Written on Wednesday, November 04, 2009 at 8:41 PM
Finale | Written by 【 Uniquely XC™ 】
Ahh.... Finally I can post something on blogspot yea. It has been an agonizing 3-4 weeks without blogger and I can finally spill my feelings and thoughts yea. A lot of things have happened in these weeks, I got my mid terms, went to Canada's wonderland, which caused spark between me and someone else when I mentioned it haha and Toronto stayover. I shall not elaborate on them as it would take pages, plus they are all over, so no point already.This week going to Toronto again to some chinese shopping mall, which is touted to be the biggest in North America, that must be something eh, BUT I cant buy anything cause I am broke, only around 300 dollars left ARGH. And my mum is not sending any more money cause the exchange rate sucks, so now I am a little poor kid stuck in a faraway land, how amazing is that -.-
The weather is getting really cold now, entering the -ve zone soon and snow is imminent, probably mid or late november. Not that I am excited about it (I would be bloody freezing) but I think it is definitely a welcomed change from the hot and humid weather i have been experienced for the past 17 years.
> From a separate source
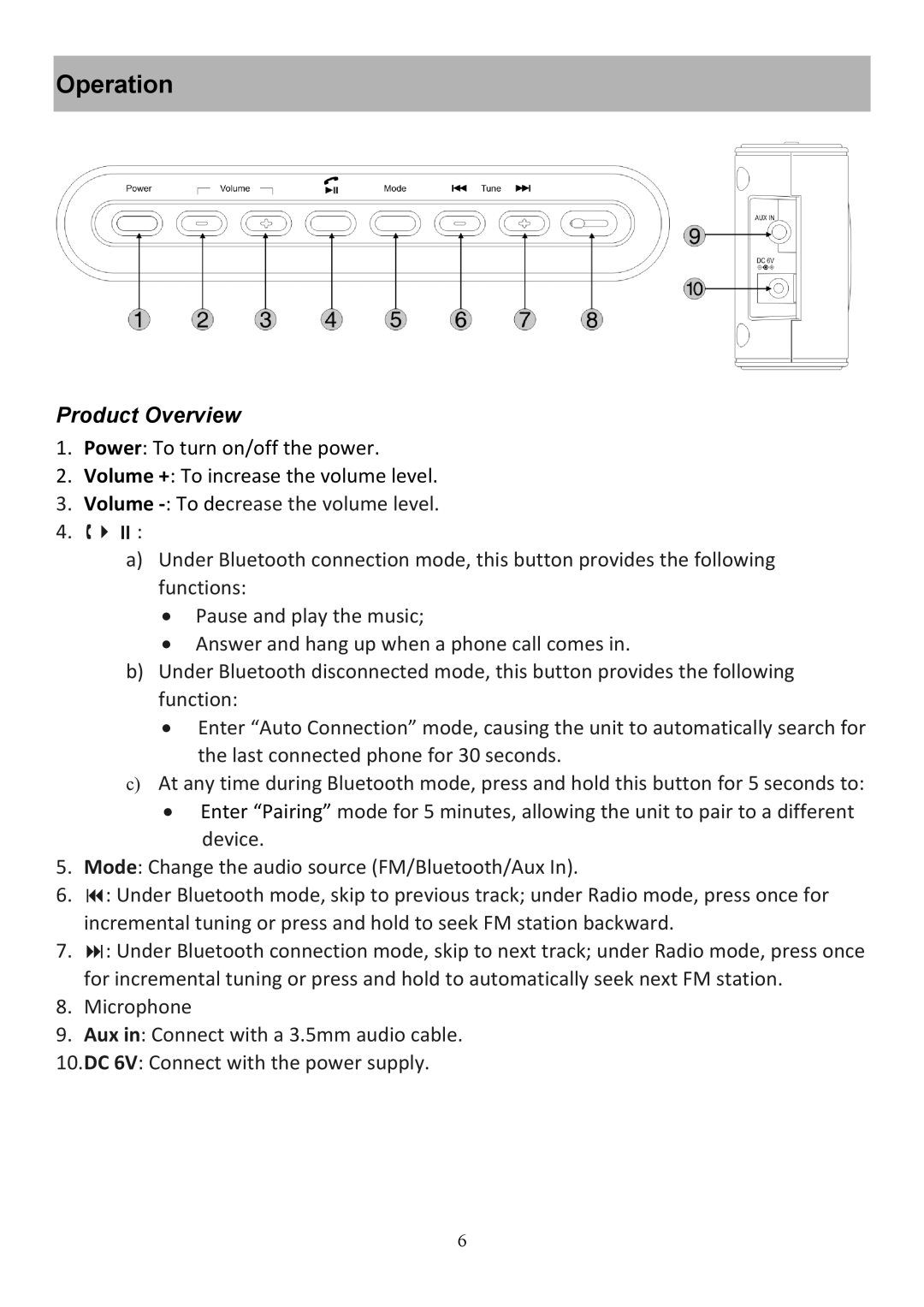 Audiovox CE208BT user manual Operation, Product Overview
I have selected my courses for next semester, Economics, Chemistry and Calculus and Vectors AP, which is something like a uni year 1 course, can you believe it, someone who fails math perpetually takes a university level course haha XD not that I wanted to take it, but my teacher asked me to okay and some more he is nice and teaching that course, so no point rejecting.
Written on Monday, October 12, 2009 at 1:55 AM
| Written by 【 Uniquely XC™ 】
im posting in my freinds house now muahahahaha, I am sooo enjoying myself here. I think it is soo much better if i stay in a proper house than in a dorm. There is so much more freedom, much better food and much better place to sleep in. Somehow, it made me think about my own home.Miss my bed, my room and the toilet - sounds weird, but i am accustomed the way everthing is arranged. HAHA, this sounds really stupid, but i do.
Yesterday while skyping with mum, my little brother cried when he saw me on the screen, i dont know if it is because I look foriegn to him or he really misses me, haha, I hope that it is the latter. But it is at that moment that I realised how much I miss everything about Singapore.
But looking forward to canada, I am going to Canada's wonderland this coming saturday, OMG, i am so excited, really cant wait for it. They said there would be haunted mazes and rollercoasters in the dark, this is so cool!!!!!!!!